So with everything else being SQL …
What do you do when faced with a serious compliance problem on our SQL deployment? Easy … make sure everything isequal (okay – enough with the bad jokes).
Two years ago, I saw possible compliance issues with our SQL deployment. I gathered information on both our workstation and server counts. I immediately found out we had very tenuous data from the WINTEL group. They did not want an agent sitting on their server boxes so I received a one-day snapshot from their team which I was able to merge it into the desktop data. Flash forward to the present day.
Serving Up a True Up
I recently received a new request that our SQL team wanted to true up and bring the company up to a SQL 2012 standard (as possible). As part of the overall effort I would need to refresh the numbers and see our compliance level. The server guys relented a little and provided me with a 10,000 foot view report from TADDM (Tivoli Application Dependency and Discovery Manager). That data was light (to be professional about it). It had a cryptic machine name (not a UUID or bios ID) and only a cursory description of the product. For example, it would not indicate the edition – standard, enterprise, dev, OR EVEN THE EXPRESS MODEL! It also seemed that if a machine had multiple service packs it would list line items for SP2, SP3 and SP4 as multiple installs. This report was merged with the OLD server inventory report (the one I had gotten from 2 years ago) and then a real time workstation report created using the HP DDMi discovery tool. Now came the fun part – normalizing, analyzing, and categorizing.
I had the names of the users in each report so I was able to do a sort by that category. I was also able to get the units sorted in another tab by computer name (even if they were cryptic). Using those criteria, I was able to start seeing patterns (using the Excel conditional format tool). Where DDMi and TADDM aligned I could assume that there was likely to be instances of the IBM product double (or triple) counting an installation. DDMi told me about instances where SQL products were bundled with another application. I also cross referenced the data against our MSDN user list. Sure enough many deployments were from this source.
Clean Up Begins
It was now time to start the clean up process beginning with cleaning up the report itself. I quickly eliminated the units where a machine install was from MSDN (verified by contacting the user) and where DDMi indicated the source was a bundle scenario. Next, I looked for machines showing multiple service packs as unique installs. I contacted those users and verified that they in fact had only a unique single instance. Those all cleaned up the report.
Now it was time to remove any installed software that we could. The first category was to remove unused software. ONLY DDMi provided a usage report. It was easy to see machines that either had zero or very low usage. Each of those users was notified of that fact and almost everyone did a removal to help us out (and thus not spend money having a tech do a service call). I next looked at deployments based on machine name and then SQL version. We had many machines running multiple SQL versions. Each of those users was questioned about whether that was intended or not. When possible, we asked them to remove all older versions and got tremendous cooperation. Those were the “low hanging fruit” of this operation. We had programmers and support staff who reported needing multiple versions. Our records were updated to reflect that fact.

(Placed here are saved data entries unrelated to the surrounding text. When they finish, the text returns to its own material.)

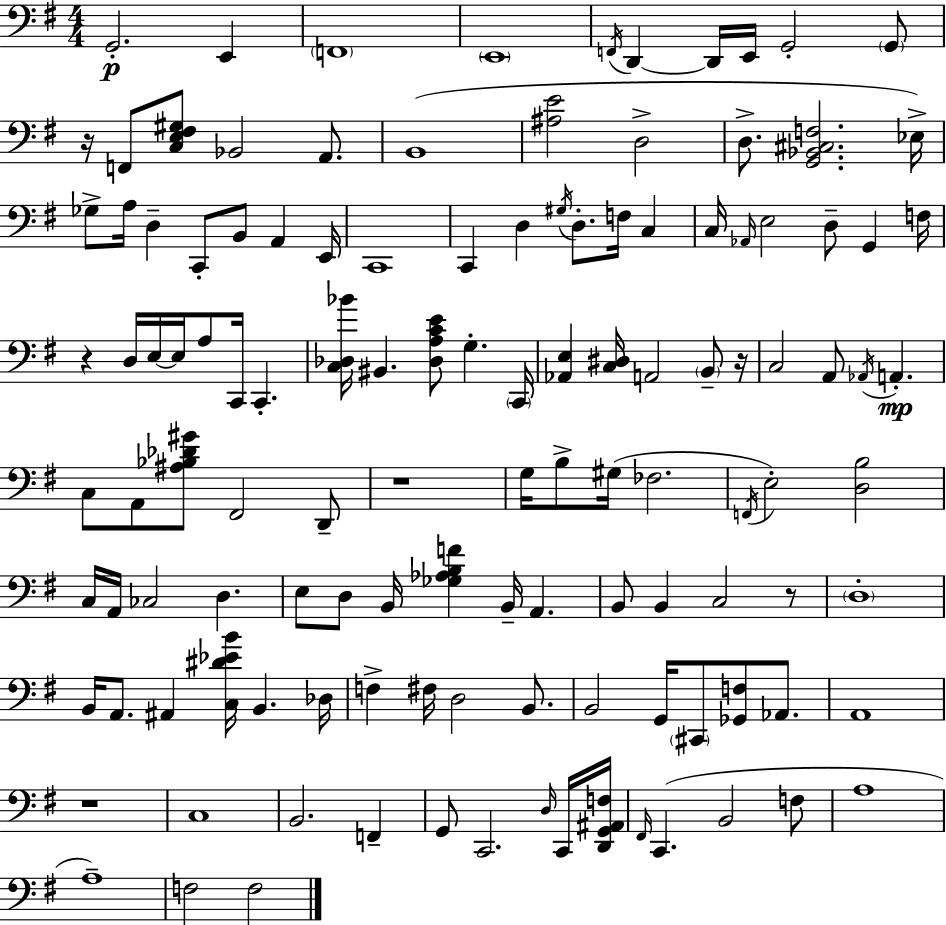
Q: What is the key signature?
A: G major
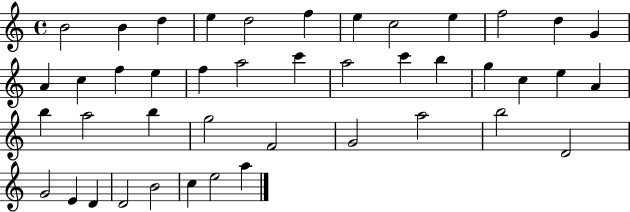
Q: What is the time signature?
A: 4/4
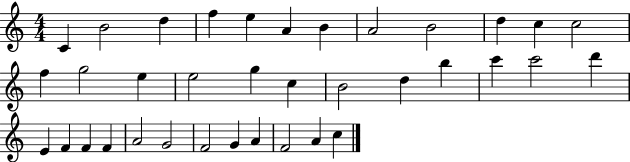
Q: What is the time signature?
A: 4/4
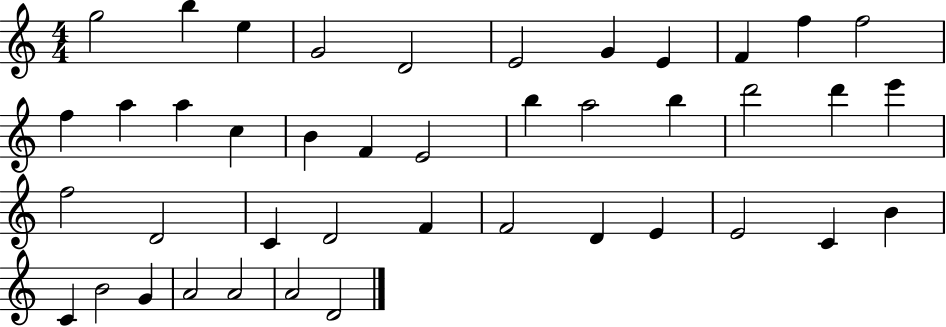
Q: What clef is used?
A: treble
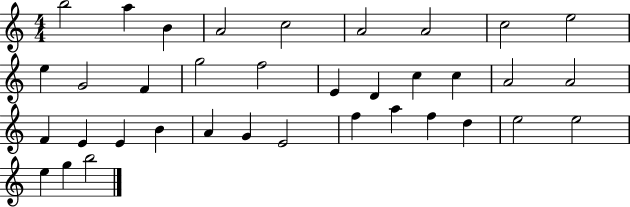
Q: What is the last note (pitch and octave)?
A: B5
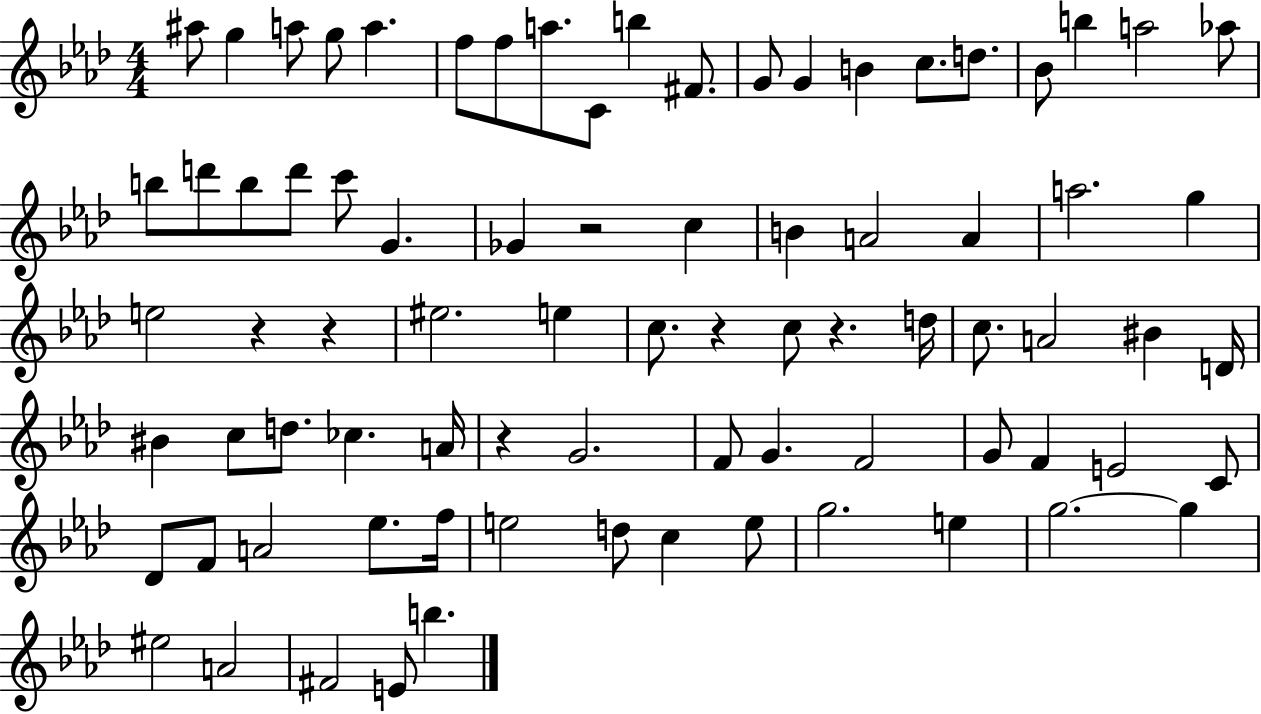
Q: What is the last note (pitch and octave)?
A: B5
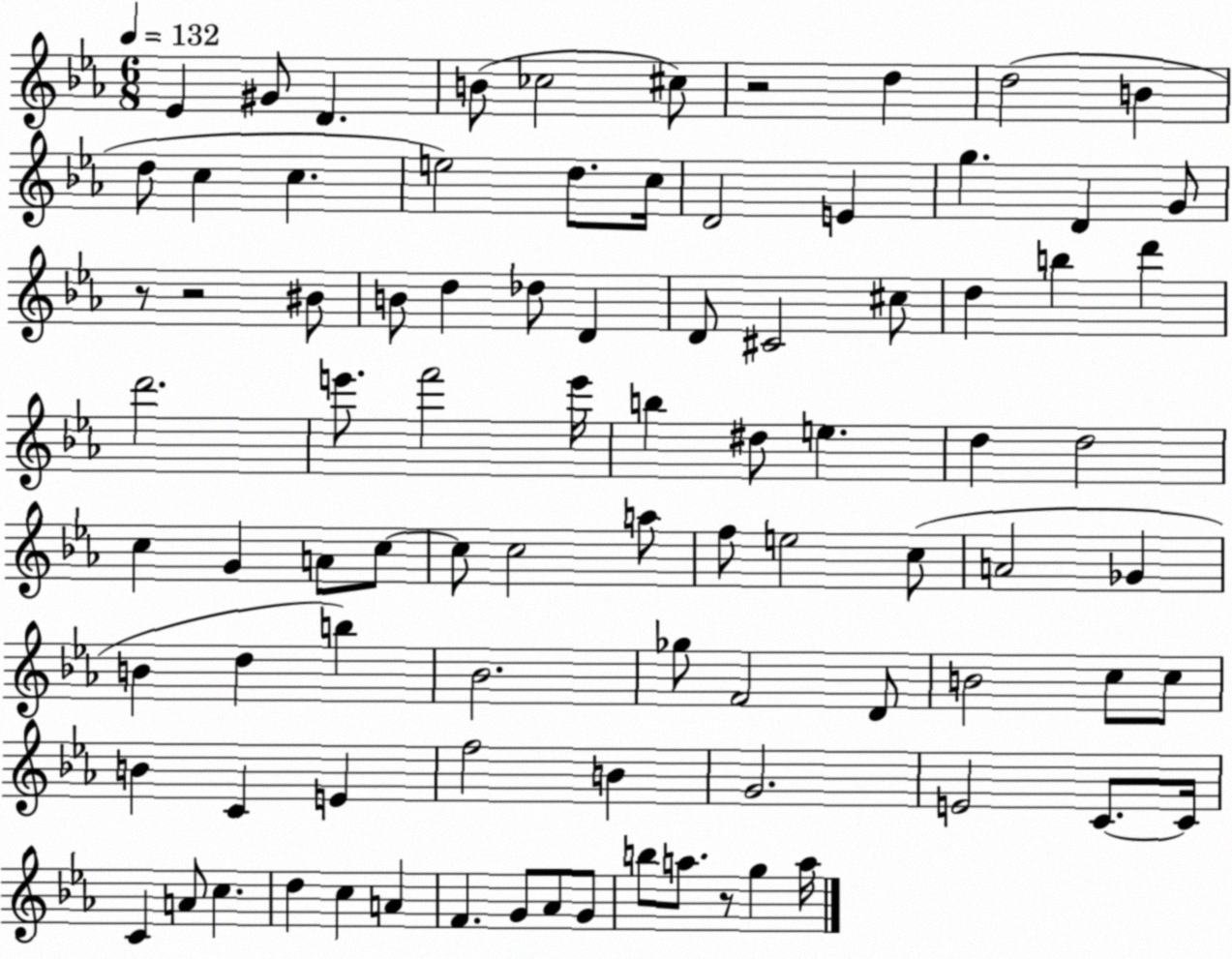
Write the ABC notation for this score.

X:1
T:Untitled
M:6/8
L:1/4
K:Eb
_E ^G/2 D B/2 _c2 ^c/2 z2 d d2 B d/2 c c e2 d/2 c/4 D2 E g D G/2 z/2 z2 ^B/2 B/2 d _d/2 D D/2 ^C2 ^c/2 d b d' d'2 e'/2 f'2 e'/4 b ^d/2 e d d2 c G A/2 c/2 c/2 c2 a/2 f/2 e2 c/2 A2 _G B d b _B2 _g/2 F2 D/2 B2 c/2 c/2 B C E f2 B G2 E2 C/2 C/4 C A/2 c d c A F G/2 _A/2 G/2 b/2 a/2 z/2 g a/4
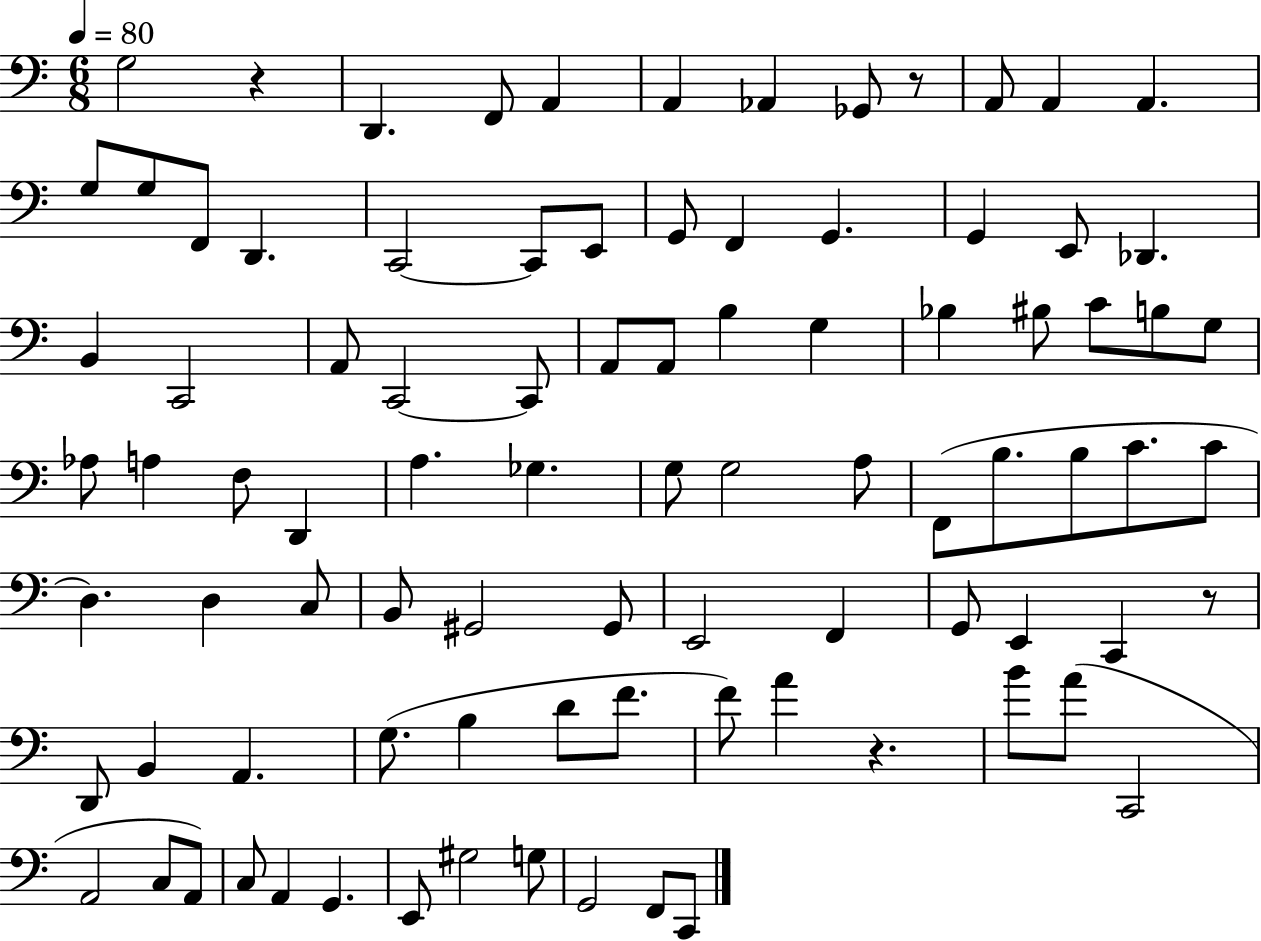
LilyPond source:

{
  \clef bass
  \numericTimeSignature
  \time 6/8
  \key c \major
  \tempo 4 = 80
  g2 r4 | d,4. f,8 a,4 | a,4 aes,4 ges,8 r8 | a,8 a,4 a,4. | \break g8 g8 f,8 d,4. | c,2~~ c,8 e,8 | g,8 f,4 g,4. | g,4 e,8 des,4. | \break b,4 c,2 | a,8 c,2~~ c,8 | a,8 a,8 b4 g4 | bes4 bis8 c'8 b8 g8 | \break aes8 a4 f8 d,4 | a4. ges4. | g8 g2 a8 | f,8( b8. b8 c'8. c'8 | \break d4.) d4 c8 | b,8 gis,2 gis,8 | e,2 f,4 | g,8 e,4 c,4 r8 | \break d,8 b,4 a,4. | g8.( b4 d'8 f'8. | f'8) a'4 r4. | b'8 a'8( c,2 | \break a,2 c8 a,8) | c8 a,4 g,4. | e,8 gis2 g8 | g,2 f,8 c,8 | \break \bar "|."
}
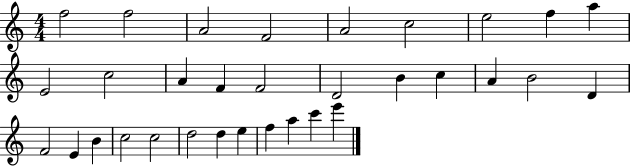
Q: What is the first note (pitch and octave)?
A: F5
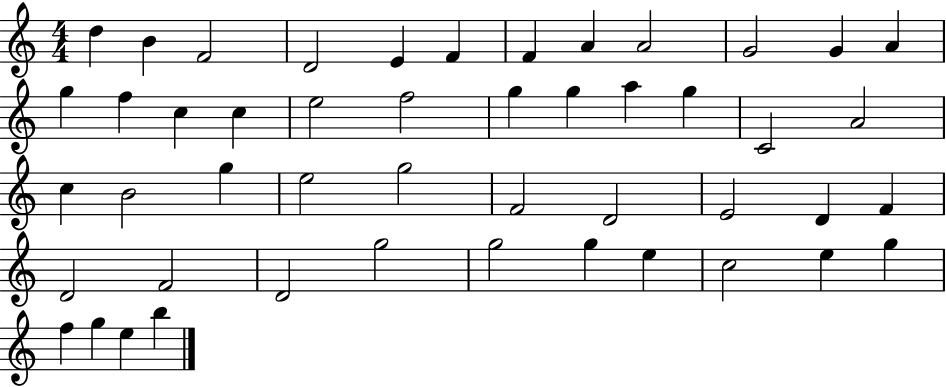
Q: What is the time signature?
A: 4/4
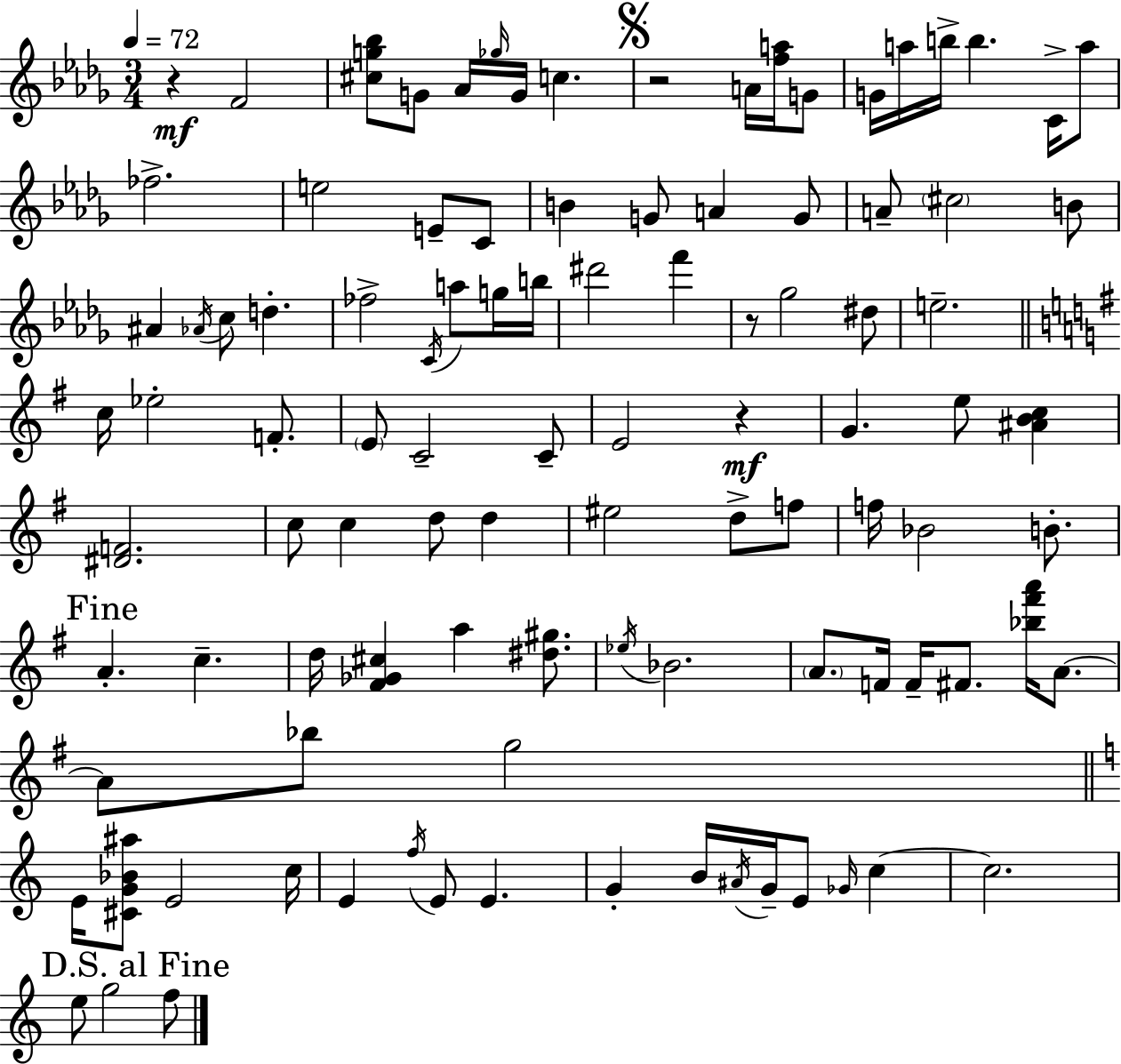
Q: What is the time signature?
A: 3/4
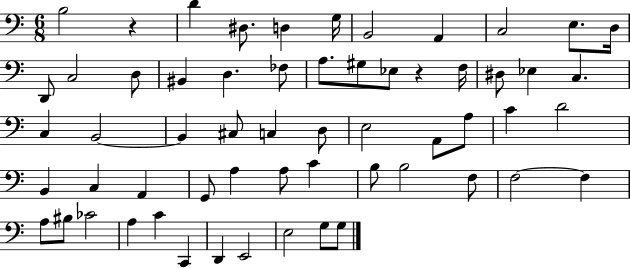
B3/h R/q D4/q D#3/e. D3/q G3/s B2/h A2/q C3/h E3/e. D3/s D2/e C3/h D3/e BIS2/q D3/q. FES3/e A3/e. G#3/e Eb3/e R/q F3/s D#3/e Eb3/q C3/q. C3/q B2/h B2/q C#3/e C3/q D3/e E3/h A2/e A3/e C4/q D4/h B2/q C3/q A2/q G2/e A3/q A3/e C4/q B3/e B3/h F3/e F3/h F3/q A3/e BIS3/e CES4/h A3/q C4/q C2/q D2/q E2/h E3/h G3/e G3/e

Our next action was to identify those machines running SQL without an edition type. Here is where it got tricky. We had to have users run scripts to identify many of those unknown deployments – Microsoft does not allow you to go into help about to get this data! Using scripts and other tricks our users provided vital data to get this information. I even was able to look at folder names to determine if something was a paid version or the free EXPRESS model. As part of this project I also verified that an express version wasn’t in use for production and that an enterprise edition was only used where they knew that level of the application was warranted. Phone calls and emails cleaned up those issues.
Building the Spreadsheet
All of this data went into a summary tab on the same spreadsheet. The best approach for the spreadsheet tables was to have purchases in one tab, the deployment values in another tab, and the usage values in a third tab. Totals were linked to a master table so that when figures changed on other tabs, the values dynamically shifted. I could see real time values and areas to focus on. The use of color, where negative numbers were red and positive numbers black helped highlight problem areas.
When we started this project, the original data had almost every number in red including the worst (and scariest) shortfalls for enterprise products. Those are expensive and you did not want to true those up if not needed. Through the project described, there were many more figures in black then in red. At this point, I was able to use the Microsoft policy for covering older version licenses through a newer version license to reduce the discrepancies between licenses and installed even further.
In the end, we only needed to buy a few items and fortunately, none in the enterprise category.
The results were much better than the initial scary discrepancies. Calculating the savings based on a baseline from the original data to the project’s end result, we had successfully concluded a six figure dollar clean up. The project took a couple of months but was well worth the effort.